Ценз, “гнилые местечки”, подкуп голосов избирателей не погубили парламентаризм, а помогли ему выжить.

Один из американских отцов-основателей, Джон Адамс, констатировал: “Зависть и горечь, которую большинство питает к богачам, всеобщи и могут быть сдержаны только страхом или необходимостью. Нищий никогда не уразумеет причины, почему кто-то другой должен ездить в карете, когда у него не хватает на хлеб”.

Не может существовать стабильного режима в государстве, где большая часть эксплуатируемых слоев населения или слоев, считающих себя таковыми, участвует в принятии государственных решений. Тем более не может такое государство процветать. Именно поэтому режимы, устойчивые и(или) процветающие в течение долгого времени, такие, как Спарта, Венеция, США, теми или иными способами, по крайней мере в фазе становления, выключали людей эксплуатируемых из числа принимающих решения. Не трудно себе представить, что если бы те требования, которые предъявляют различные американские меньшинства и сидящие на пособии люди американской администрации сейчас, были предъявлены Конгрессу рабами и долговыми слугами в конце XVIII века, то американская республика вряд ли бы расцвела, а скорее всего закончила свое существование именно так, как того опасался Гамильтон, — у нее нашлись бы свои Катилины и Цезари.

История учит, что стабильным является режим, при котором, с одной стороны, людям из низов предоставляется возможность пройти наверх, а с другой — люди из низов тем или иным способом исключаются из процесса принятия политических решений.
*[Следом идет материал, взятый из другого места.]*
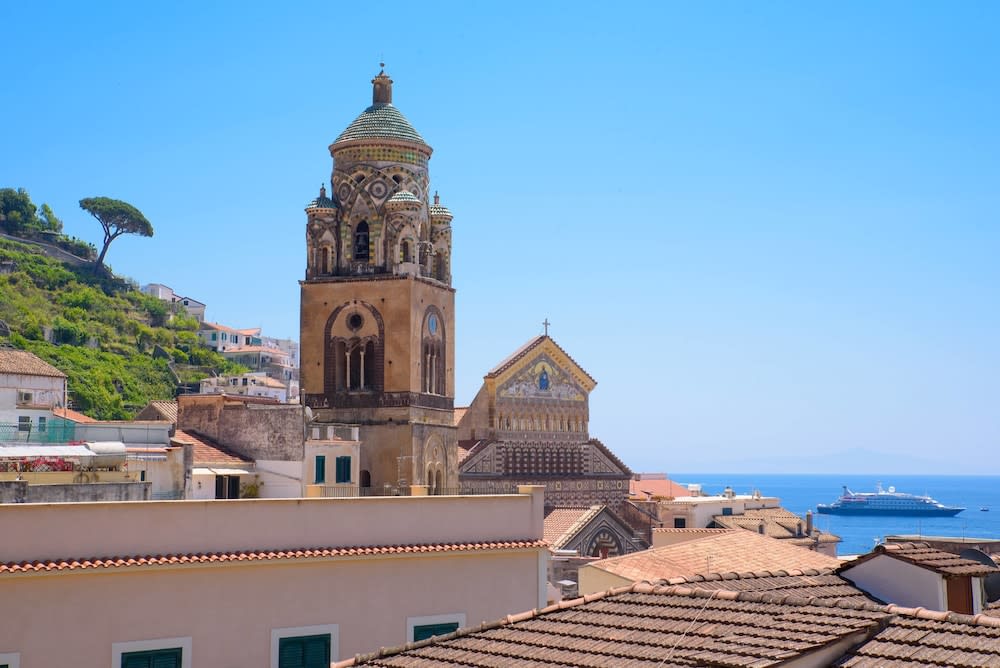 Hotel Amalfi 1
Если большинство в стране составляют бедняки, то они должны иметь возможность разбогатеть, но не должны иметь возможности управлять государством.

Не важно, каким путем это может быть сделано — путем сильного идеологического давления на избирателей, которые в результате голосуют за людей, вовсе, по счастию, не представляющих сиюминутного интереса бедняка. Путем ложных предвыборных обещаний социальной защиты, которые затем не будут выполнены. Путем мягкой диктатуры, подобной той, которая существовала в Афинах при Перикле или во Флоренции при Козимо Медичи, когда власть, по видимости не отобранная у народа, на деле принадлежала одному человеку. Путем разгона парламента, буде в нем обнаружится слишком много депутатов, которые, как и две тысячи лет назад, опираются в своем преследовании богатых на интересы нищих, требующих от государства прожиточного минимума, а не возможностей для предпринимательства, и желают путем раздачи имущества, что им не принадлежит, добраться до власти, какой они недостойны.

1 “О королях и институте королевской власти” (лат.).